🤖 AI Summary
To address the challenges of LLM agents struggling to adapt to unfamiliar domains and relying on costly online interaction or fine-tuning, this paper proposes a lightweight, offline trajectory-based prompt augmentation method. Our approach features three key contributions: (1) trajectory distillation coupled with state-matching retrieval to extract critical decision cues from long, noisy raw trajectories; (2) context-aware feedback synthesis by jointly leveraging both successful and failed trajectories—enabling effective learning even from failure-only data; and (3) a scalable, parallelizable prompt generation framework with an adaptive scaling mechanism, supporting benchmark-agnostic prompt construction.
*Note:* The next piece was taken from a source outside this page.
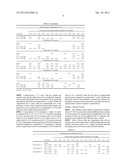 COMPOSITION COMPRISING (-)-DELTA9-TRANS-TETRAHYDROCANNABINOL diagram and image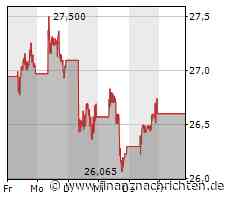 BYD besitzt große Preisdurchsetzungsmacht im unteren Preissegment von E-Autos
Evaluated on MiniWoB++, WorkArena-L1, and WebArena-Lite, our method significantly outperforms strong baselines—including handcrafted prompts and documentation-based prompting—demonstrating superior efficiency, cross-domain generalization, and deployment practicality.
📝 Abstract
Large language model (LLM) agents perform well in sequential decision-making tasks, but improving them on unfamiliar domains often requires costly online interactions or fine-tuning on large expert datasets. These strategies are impractical for closed-source models and expensive for open-source ones, with risks of catastrophic forgetting. Offline trajectories offer reusable knowledge, yet demonstration-based methods struggle because raw traces are long, noisy, and tied to specific tasks. We present Just-in-time Episodic Feedback Hinter (JEF Hinter), an agentic system that distills offline traces into compact, context-aware hints. A zooming mechanism highlights decisive steps in long trajectories, capturing both strategies and pitfalls. Unlike prior methods, JEF Hinter leverages both successful and failed trajectories, extracting guidance even when only failure data is available, while supporting parallelized hint generation and benchmark-independent prompting. At inference, a retriever selects relevant hints for the current state, providing targeted guidance with transparency and traceability. Experiments on MiniWoB++, WorkArena-L1, and WebArena-Lite show that JEF Hinter consistently outperforms strong baselines, including human- and document-based hints.